*** Data for processing Section Begins ***

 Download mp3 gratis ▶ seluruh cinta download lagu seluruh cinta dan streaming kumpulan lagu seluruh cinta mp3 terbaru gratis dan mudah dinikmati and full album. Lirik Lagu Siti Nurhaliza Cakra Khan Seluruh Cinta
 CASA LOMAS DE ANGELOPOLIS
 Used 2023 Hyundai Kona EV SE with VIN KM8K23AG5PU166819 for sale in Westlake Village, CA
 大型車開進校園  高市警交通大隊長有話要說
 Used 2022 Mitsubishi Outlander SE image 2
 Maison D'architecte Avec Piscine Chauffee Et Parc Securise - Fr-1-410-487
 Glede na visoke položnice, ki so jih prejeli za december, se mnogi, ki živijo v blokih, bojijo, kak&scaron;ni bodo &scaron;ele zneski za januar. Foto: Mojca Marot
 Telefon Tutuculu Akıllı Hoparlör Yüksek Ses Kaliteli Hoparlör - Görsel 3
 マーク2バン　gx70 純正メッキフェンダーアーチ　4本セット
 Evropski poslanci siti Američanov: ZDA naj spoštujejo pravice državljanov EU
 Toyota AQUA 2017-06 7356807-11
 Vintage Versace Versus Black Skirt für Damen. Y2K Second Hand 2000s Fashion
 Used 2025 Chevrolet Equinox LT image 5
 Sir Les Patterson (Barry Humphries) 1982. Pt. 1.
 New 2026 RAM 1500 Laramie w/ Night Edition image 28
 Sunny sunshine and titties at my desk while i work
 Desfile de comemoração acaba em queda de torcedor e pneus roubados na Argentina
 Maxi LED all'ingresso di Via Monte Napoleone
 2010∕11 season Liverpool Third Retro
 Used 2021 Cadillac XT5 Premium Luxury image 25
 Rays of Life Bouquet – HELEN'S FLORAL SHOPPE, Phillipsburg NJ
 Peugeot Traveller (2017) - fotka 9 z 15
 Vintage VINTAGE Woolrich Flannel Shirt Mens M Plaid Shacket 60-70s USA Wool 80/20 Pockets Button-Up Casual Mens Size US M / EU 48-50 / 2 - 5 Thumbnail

*** Data for processing Section Ends ***

What the task requires: Find the word "Vintage" in the entries, then copy out every line that has it.

Output of the task:
 Vintage Versace Versus Black Skirt für Damen. Y2K Second Hand 2000s Fashion
 Vintage VINTAGE Woolrich Flannel Shirt Mens M Plaid Shacket 60-70s USA Wool 80/20 Pockets Button-Up Casual Mens Size US M / EU 48-50 / 2 - 5 Thumbnail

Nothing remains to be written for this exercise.